No existe nadie que no ame. Pero se pregunta qué es lo que se ama. [Dios] No nos invita a no amar, sino a elegir lo que vamos a amar (San Agustín, Serm. 34,2).


¡Santo y Feliz Jesucristo! Así canta un himno sobre Cristo. Sí, Él es feliz, Él está alegre, con un gozo inefable. Nosotros, en la medida en que permanezcamos en Él, seremos partícipes de esa misma alegría, pero si nos alejamos de Él la verdadera alegría se debilita para dar paso a alegrías falsas o más inmediatas, que no llenan sino que necesitan siempre nuevas alegrías para calmar el vacío.



Qué gozo puede tener Cristo en nosotros si no es que El se digna gozarse con nosotros? ¿Cuál es ese nuestro gozo que ha de ser colmado, sino tener participación con El? (S. Agustín, In Io. ev., 83,1).
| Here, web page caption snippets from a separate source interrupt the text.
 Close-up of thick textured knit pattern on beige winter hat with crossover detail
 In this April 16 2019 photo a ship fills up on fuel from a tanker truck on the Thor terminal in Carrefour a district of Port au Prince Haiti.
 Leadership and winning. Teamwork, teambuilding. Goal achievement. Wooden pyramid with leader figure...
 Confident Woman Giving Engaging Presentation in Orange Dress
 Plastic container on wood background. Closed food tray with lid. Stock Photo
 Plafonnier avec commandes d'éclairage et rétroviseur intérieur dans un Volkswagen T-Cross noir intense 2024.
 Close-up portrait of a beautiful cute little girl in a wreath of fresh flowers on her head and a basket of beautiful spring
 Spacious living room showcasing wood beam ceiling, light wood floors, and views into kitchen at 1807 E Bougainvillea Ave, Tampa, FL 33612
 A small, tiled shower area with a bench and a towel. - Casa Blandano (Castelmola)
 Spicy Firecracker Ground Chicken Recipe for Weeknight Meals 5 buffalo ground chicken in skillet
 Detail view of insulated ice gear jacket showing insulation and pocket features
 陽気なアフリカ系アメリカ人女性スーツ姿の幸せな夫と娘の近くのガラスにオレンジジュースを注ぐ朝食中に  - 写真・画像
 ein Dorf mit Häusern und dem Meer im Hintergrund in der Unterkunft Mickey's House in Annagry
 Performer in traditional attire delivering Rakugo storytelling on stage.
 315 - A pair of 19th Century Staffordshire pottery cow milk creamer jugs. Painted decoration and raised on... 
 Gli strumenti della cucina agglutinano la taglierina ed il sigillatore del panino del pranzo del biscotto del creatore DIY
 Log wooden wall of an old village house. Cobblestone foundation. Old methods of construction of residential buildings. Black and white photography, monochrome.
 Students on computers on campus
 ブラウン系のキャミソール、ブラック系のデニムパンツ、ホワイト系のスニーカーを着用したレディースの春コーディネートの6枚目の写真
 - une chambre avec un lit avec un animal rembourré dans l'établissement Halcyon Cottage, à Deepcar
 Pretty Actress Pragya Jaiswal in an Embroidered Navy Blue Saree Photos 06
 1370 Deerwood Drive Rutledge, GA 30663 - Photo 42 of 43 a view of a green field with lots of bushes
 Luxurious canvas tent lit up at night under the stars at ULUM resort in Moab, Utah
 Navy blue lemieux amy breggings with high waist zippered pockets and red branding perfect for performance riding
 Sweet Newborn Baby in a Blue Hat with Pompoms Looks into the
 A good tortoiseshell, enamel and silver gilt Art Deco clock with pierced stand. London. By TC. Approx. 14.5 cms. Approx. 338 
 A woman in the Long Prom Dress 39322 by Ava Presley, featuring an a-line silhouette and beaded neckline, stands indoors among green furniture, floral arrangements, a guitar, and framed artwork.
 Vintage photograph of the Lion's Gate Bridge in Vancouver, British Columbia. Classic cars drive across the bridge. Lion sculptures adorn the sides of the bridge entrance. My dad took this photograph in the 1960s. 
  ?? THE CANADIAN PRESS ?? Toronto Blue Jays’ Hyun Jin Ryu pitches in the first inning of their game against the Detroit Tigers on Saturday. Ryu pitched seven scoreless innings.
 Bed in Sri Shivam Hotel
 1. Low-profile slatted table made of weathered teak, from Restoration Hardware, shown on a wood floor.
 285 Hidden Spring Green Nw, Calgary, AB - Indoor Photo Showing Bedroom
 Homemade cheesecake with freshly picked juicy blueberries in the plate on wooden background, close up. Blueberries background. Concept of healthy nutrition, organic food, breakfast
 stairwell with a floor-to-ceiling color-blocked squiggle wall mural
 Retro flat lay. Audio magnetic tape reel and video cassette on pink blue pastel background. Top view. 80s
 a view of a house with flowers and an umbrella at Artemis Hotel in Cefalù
San Agustín era hombre afectuoso, amable, dado a la amistad y con sólidos vínculos. Pero, para este Maestro, la amistad verdadera necesita un aglutinante verdadero y no espúreo o interesado: la caridad de Dios, la amistad de Dios.



Señor, no hay amistad verdadera sino entre aquellos a quienes Tú aglutinas entre sí por medio de la caridad (San Agustín, Conf. 4,4,7)


La revelación de Dios se ha acomodado siempre al hombre, a la capacidad del hombre de ver, oír, entender, percibir, comprender. Dios no se ha mostrado tal cual es, sino hasta el máximo que el hombre pudiera recibir. Es la pedagogía de la revelación.



Dios invisible se ha mostrado muchas veces visible, pero no según lo que es, sino según la capacidad de los que lo han visto (San Agustín, De Civ. Dei, 10,13).


El hombre cristiano, cabal, combinará en su tiempo dos realidades: el ocio santo y la actividad; trabajar y orar; la plegaria y la labor cotidiana; ambas en armonía.



No debe uno estar tan libre de ocupaciones que no piense en medio de su mismo ocio en la utilidad del prójimo, ni tan ocupado que ya no busque la contemplación de Dios (San Agustín, De Civ. Dei, 19,19).


Seamos ecuánimes: ni las alabanzas no hacen tanto bien ni son necesarias, ni las correcciones y persecuciones y hasta insultos son tan malos. Las alabanzas pueden convertirse en adulación, pero las correcciones e insultos, pueden mostrar cosas que desconocemos y que podremos corregir.



Cierto es que muchas veces los amigos nos pervierten adulando, así como los enemigos nos corrigen insultando (San Agustín, Conf., 10,8,18).


Los puros de corazón son bienaventurados. ¿Cómo entenderlo? La pureza es buscar en todo la gloria de Dios, sin otra apetencia ni interés... ¡entonces se es libre!



No tiene corazón sencillo, esto es, puro, sino aquel que, pasando sobre las alabanzas humanas al vivir bien, busca solamente agradar a Dios, que es único en penetrar la conciencia (San Agustín, Tratado sobre el Sermón de la Montaña 2,1,1).


Por el nacimiento de Cristo, nuestros ojos ciegos recibieron el colirio necesario para ver. Su luz nos hace ver la luz, y es que es Él, Jesucristo, la luz del mundo para caminar y seguirle sin tinieblas algunas.



"El Verbo, pues, se hizo carne y vivió entre nosotros", y su nacimiento es el colirio que limpia los ojos de nuestro corazón, y así ya pueden ver su grandeza a través de sus humillaciones (S. Agustin, In Ioh. ev., 2,16).


Todo lo creado glorifica a Dios. También los seres inanimados o los animales glorifican a Dios, no con la voz o la inteligencia, sino con su propia belleza, con su propio ser.



La hermosura de todos los seres que confiesan a Dios es, en cierto modo, su voz (San Agustín, Enar. in Ps. 148,15).


Por último, un consejo para la oración personal, su modo de realizar, la actitud interior a la hora del diálogo silencioso con Dios:



Lo que decís, decidlo de corazón.Haya afecto en quien ora y causará efecto en quien escucha (San Agustín, Serm. 56,5).